Closed messi101-ml closed 1 month ago
@messi101-ml , I am currently facing this same issue.
hi @messi101-ml @Erua-chijioke i'm working on looking into this issue now!
hello @messi101-ml, @Erua-chijioke
it seems like this line batch = batch_definition.get_batch(batch_parameters)
is what is causing the error. can you try updating it to batch = batch_definition.get_batch(batch_parameters=batch_parameters)
here is my working example:
import great_expectations as gx
from pyspark.sql import SparkSession
csv = "/../../../TestData/us_airline_fares.csv"
spark = SparkSession.builder.appName("Read CSV").getOrCreate()
dataframe = spark.read.csv(csv, header=True, inferSchema=True)
context = gx.get_context()
data_source_name = "my_data_source"
data_source = context.data_sources.add_spark(name=data_source_name)
data_source = context.data_sources.get(data_source_name)
data_asset_name = "my_dataframe_data_asset"

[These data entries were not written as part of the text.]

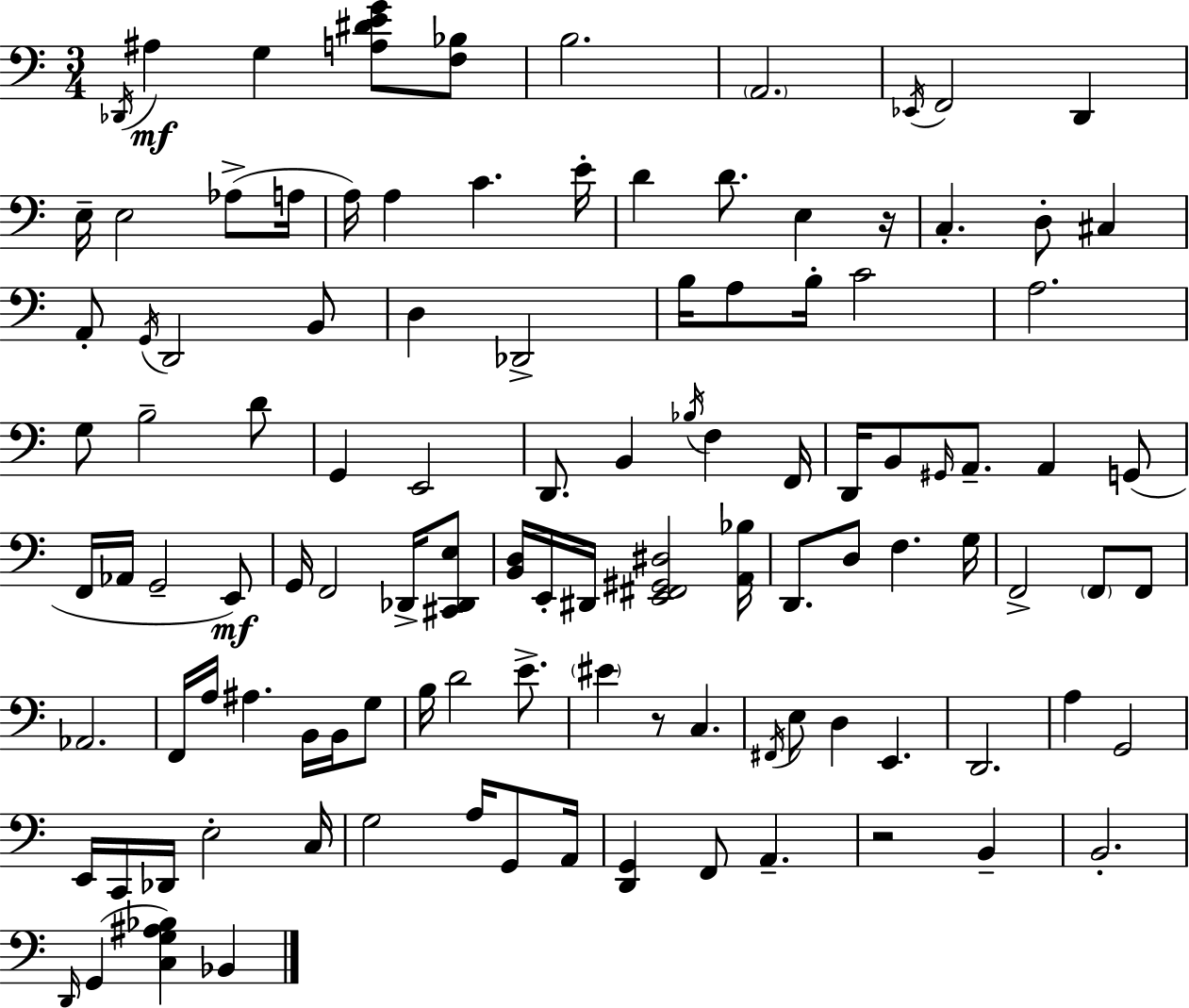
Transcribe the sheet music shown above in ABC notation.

X:1
T:Untitled
M:3/4
L:1/4
K:C
_D,,/4 ^A, G, [A,^DEG]/2 [F,_B,]/2 B,2 A,,2 _E,,/4 F,,2 D,, E,/4 E,2 _A,/2 A,/4 A,/4 A, C E/4 D D/2 E, z/4 C, D,/2 ^C, A,,/2 G,,/4 D,,2 B,,/2 D, _D,,2 B,/4 A,/2 B,/4 C2 A,2 G,/2 B,2 D/2 G,, E,,2 D,,/2 B,, _B,/4 F, F,,/4 D,,/4 B,,/2 ^G,,/4 A,,/2 A,, G,,/2 F,,/4 _A,,/4 G,,2 E,,/2 G,,/4 F,,2 _D,,/4 [^C,,_D,,E,]/2 [B,,D,]/4 E,,/4 ^D,,/4 [E,,^F,,^G,,^D,]2 [A,,_B,]/4 D,,/2 D,/2 F, G,/4 F,,2 F,,/2 F,,/2 _A,,2 F,,/4 A,/4 ^A, B,,/4 B,,/4 G,/2 B,/4 D2 E/2 ^E z/2 C, ^F,,/4 E,/2 D, E,, D,,2 A, G,,2 E,,/4 C,,/4 _D,,/4 E,2 C,/4 G,2 A,/4 G,,/2 A,,/4 [D,,G,,] F,,/2 A,, z2 B,, B,,2 D,,/4 G,, [C,G,^A,_B,] _B,,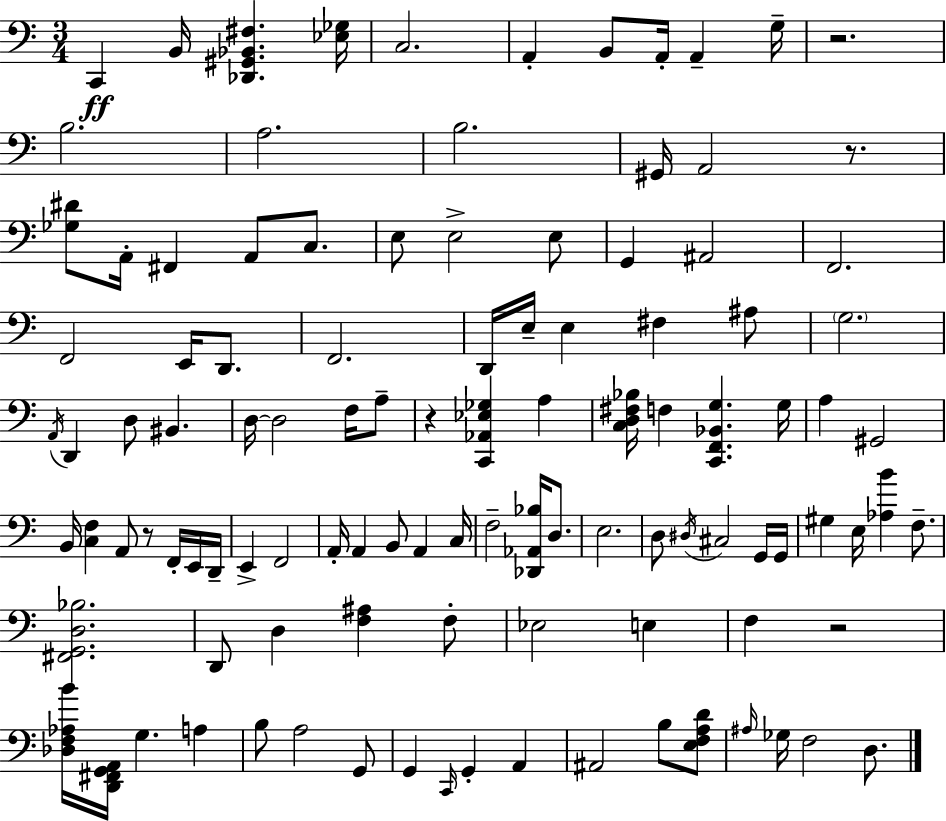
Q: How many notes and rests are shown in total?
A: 109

data_asset = data_source.add_dataframe_asset(name=data_asset_name)
data_asset = context.data_sources.get(data_source_name).get_asset(data_asset_name)
batch_definition_name = "my_batch_definition"
batch_definition = data_asset.add_batch_definition_whole_dataframe(
batch_definition_name
)
batch_parameters = {"dataframe": dataframe}
batch = batch_definition.get_batch(batch_parameters=batch_parameters)
print(batch.head())
I also noticed that when using newer Spark versions the dataframe is imported from SQL Connect and the isinstance check is failing at this line of code
df = spark.read.table("tablea")
from pyspark.sql import DataFrame
isinstance(df, DataFrame)
Output: False
df = spark.read.table("tablea")
from pyspark.sql.connect.dataframe import DataFrame
isinstance(df, DataFrame)
Output: True
Hello @adeola-ak what version of spark are you using to run that code?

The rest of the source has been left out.